Zmiany legislacyjne zaproponowane przez resort rolnictwa są tak naprawdę pokłosiem afery „leżakowej”, która dotyczyła procederu nielegalnego wprowadzania do obrotu mięsa wołowego, pochodzącego od chorego lub wręcz martwego bydła. Proponowane zmiany to również próba wzmocnienia kadrowego Inspekcji Weterynaryjnej, która przechodzi głęboki kryzys związany z corocznym zmniejszaniem się liczby zatrudnionych osób. Z dany przekazywanych przez ministerstwo wynika, że w latach od 2009 do 2018 liczba osób zatrudnionych w Inspekcji Weterynaryjnej spadła z 6173 do 5672, z czego liczba samych lekarzy weterynarii spadła z 2360 do 2031. Świadczy to ewidentnie o narastającym ogromnym problemie w nadzorze weterynaryjnym oraz nieudolnych działaniach ministerstwa rolnictwa, któremu nie udało się doprowadzić do poprawy sytuacji kadrowo-finansowej w Inspekcji Weterynaryjnej.

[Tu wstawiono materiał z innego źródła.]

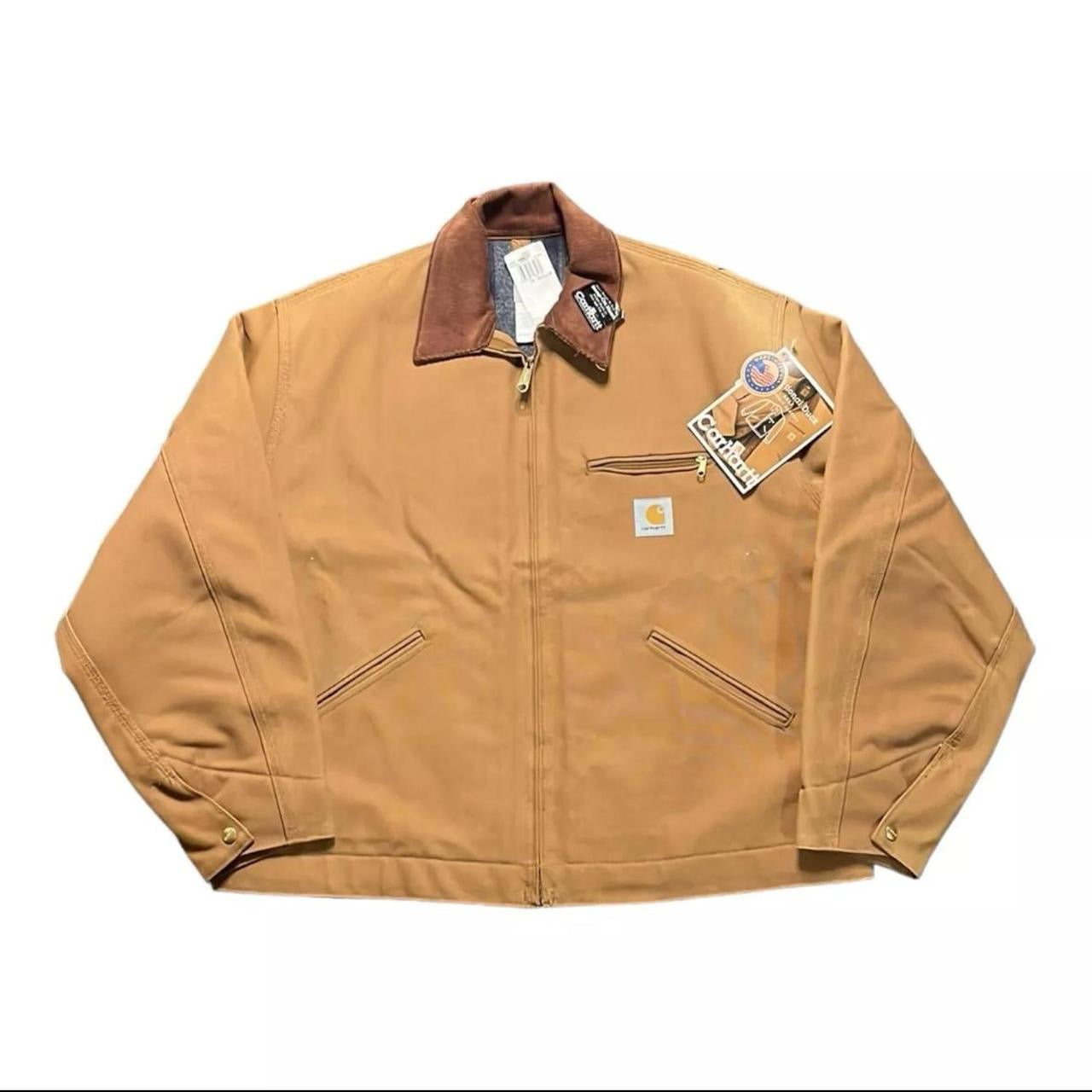 Vintage Carhartt JO1 BRN Full Zip Detroit Blanket Lined Jacket Brown - XXL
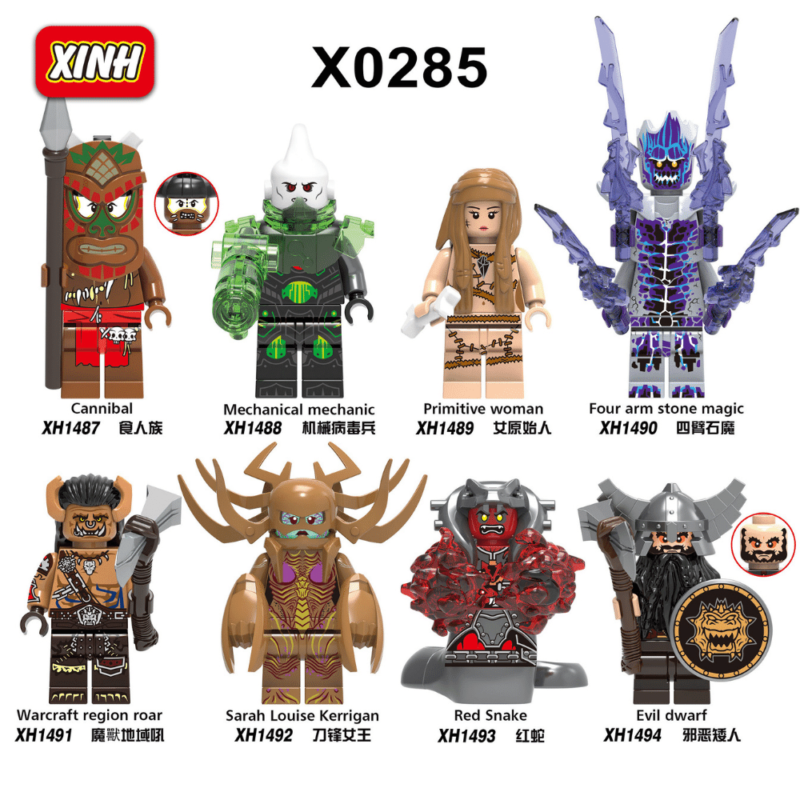 Red Snake XH1493 Ninjago Movie Minifigures - Image 2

Dalszy odpływ wykwalifikowanych osób z tej inspekcji doprowadzi do kompletnego jej paraliżu i braku możliwości zapewnienia bezpieczeństwa żywności pochodzenia zwierzęcego, co z pewnością odbije się na rynku spadkiem zaufania do polskich produktów żywnościowych.
W omawianym projekcie, pomysłem na naprawienie katastrofalnej sytuacji w Inspekcji Weterynaryjnej jest wprowadzenie do nadzoru nad rzeźniami etatowych pracowników zamiast dotychczasowych wyznaczonych lekarzy weterynarii prywatnej praktyki.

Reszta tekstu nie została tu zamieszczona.